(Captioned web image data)
+ + +
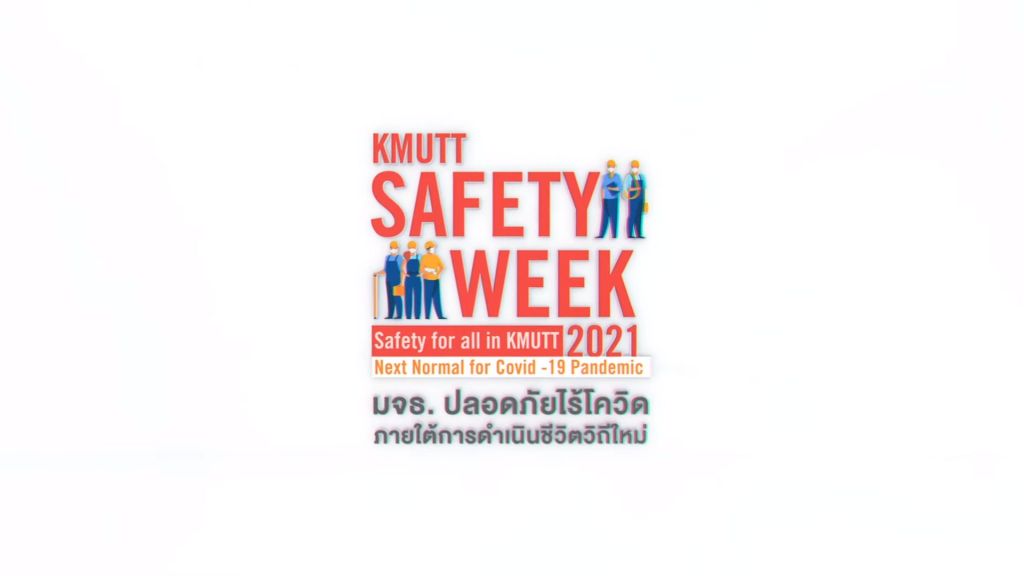 19th KMUTT Safety Week 2021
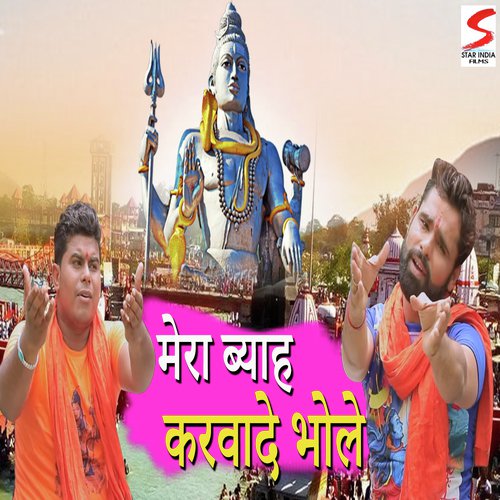Mera Byah Karwade Bhole by Ranvir Kundu - Download on PagalFree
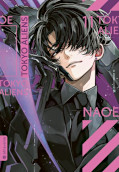 Frontcover Tokyo Aliens 11
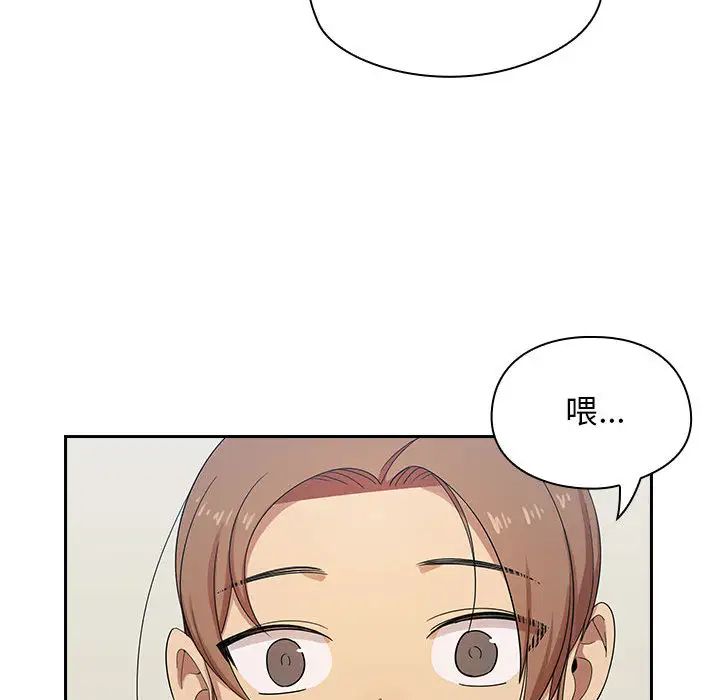 《罪与罚》漫画最新章节第4话免费下拉式在线观看章节第【104】张图片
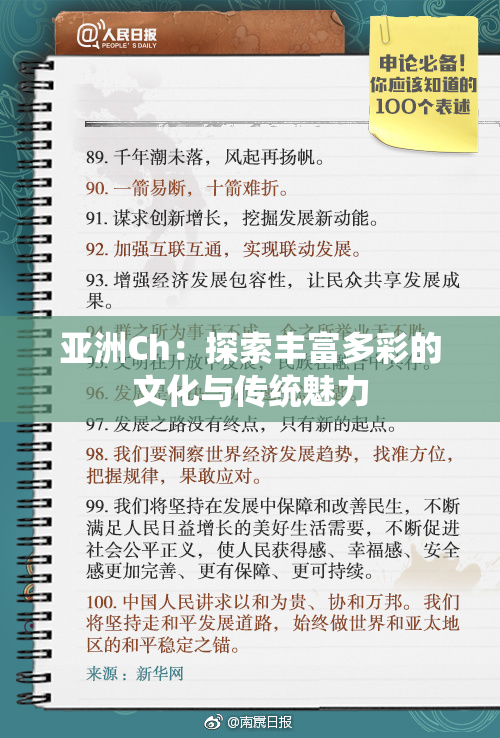 亚洲Ch：探索丰富多彩的文化与传统魅力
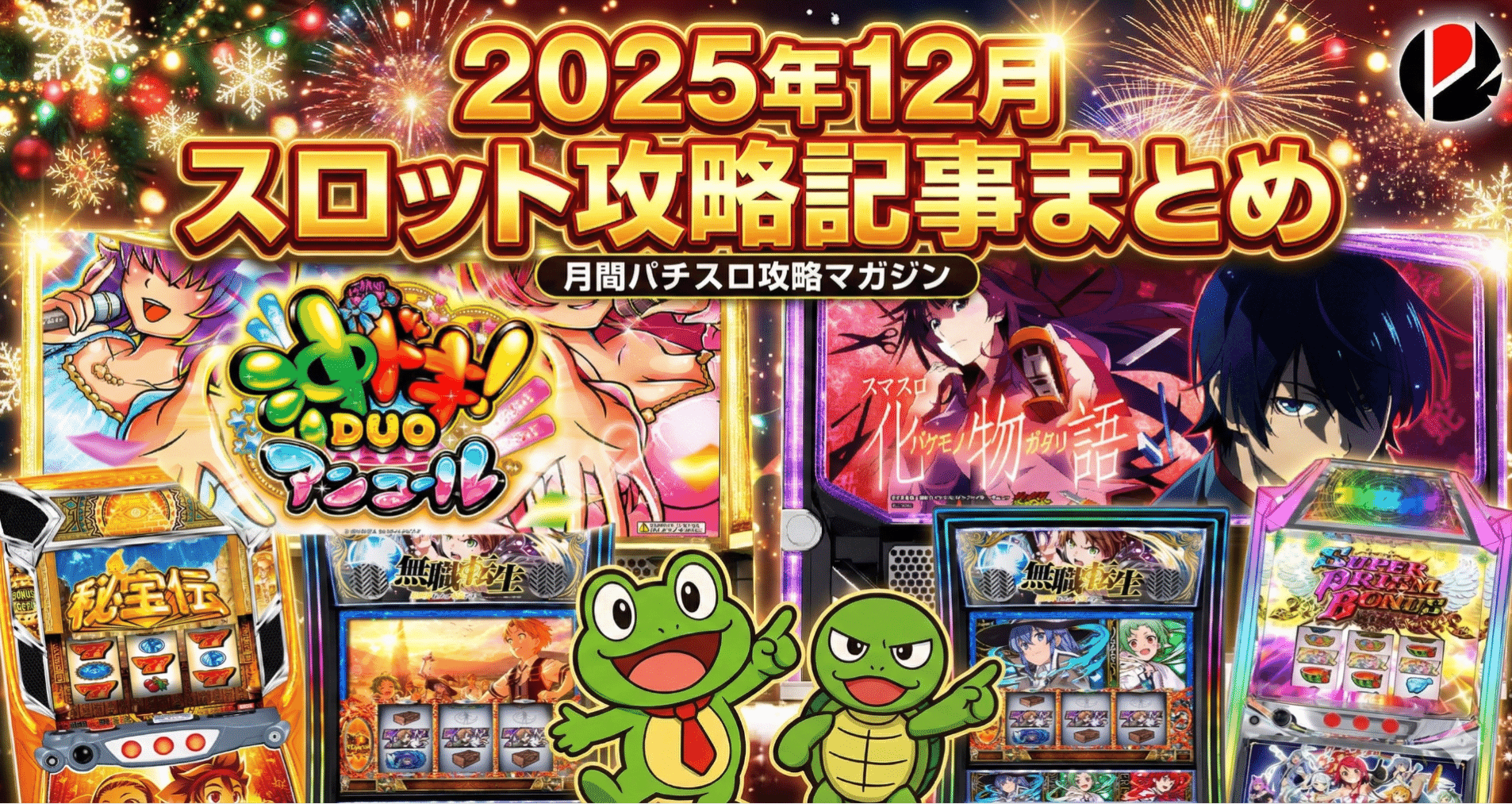 2025年12月スロット攻略記事まとめ｜ゼマ＠期待値つむつむ.jp｜note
+ + +
_Brief_
Leave out every picture and copy verbatim the lines running from the line containing "Frontcover Tokyo Aliens 11" through the final line of the data.

_Finished exercise_
 Frontcover Tokyo Aliens 11
 《罪与罚》漫画最新章节第4话免费下拉式在线观看章节第【104】张图片
 亚洲Ch：探索丰富多彩的文化与传统魅力
 2025年12月スロット攻略記事まとめ｜ゼマ＠期待値つむつむ.jp｜note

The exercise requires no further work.